STL Science Center
03 August 2012
Traveling the Subcontinent
I think anyone mildly educated in geography knows that the phrase "the subcontinent" refers to India. Rarely do we have a chance to discuss Indian dinosaurs because Indian dinosaurs are not well documented and certainly not well understood. In the Late Cretaceous, however, we come upon a dinosaur so Indian it is named after one of the most important rivers of its home (using ancient Greek), Indosuchus. Indosuchus raptorius means "Raptorial Indus Crocodile." Indosuchus is, however, a bipedal predator that lived on the land, and not in the water. Living in the last five million or so years of the reign of the dinosaurs and measuring out to about twenty feet (six meters) long, Indosuchus was an average sized predator. Discovered in 1932-1933, Indosuchus only recently, 1986, was placed concretely in a family as an abelisaurid by Jose Bonaparte.
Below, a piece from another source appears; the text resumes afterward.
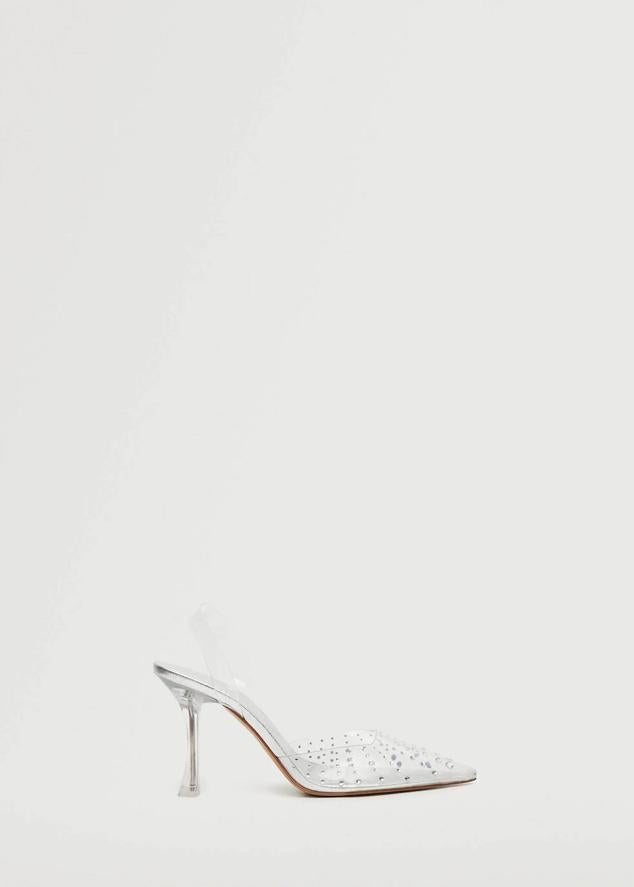 Zapato de tacón transparente terminado en punta y con tacón embudo, adornado con aplicación de cristales, de Mango. Está disponible con un precio de 49,99 euros.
Unfortunately, the remains are often considered difficult to assess and could be, some believe, attributed to other animals such as Indosaurus; an even more Indian named dinosaur described the same year. Regardless, I will use Indosuchus because the remains were initially found and described in the exact same paper by Huene and Matley in 1933 and would thus, I believe, have the same right to the name as Indosaurus since neither is older than the other. Additionally, in Gergory Paul's newest publication, and I know that in the past there have been entries that refute his claims in that book, he refers to Indosaurus as the included species under Indosuchus and not the other way around.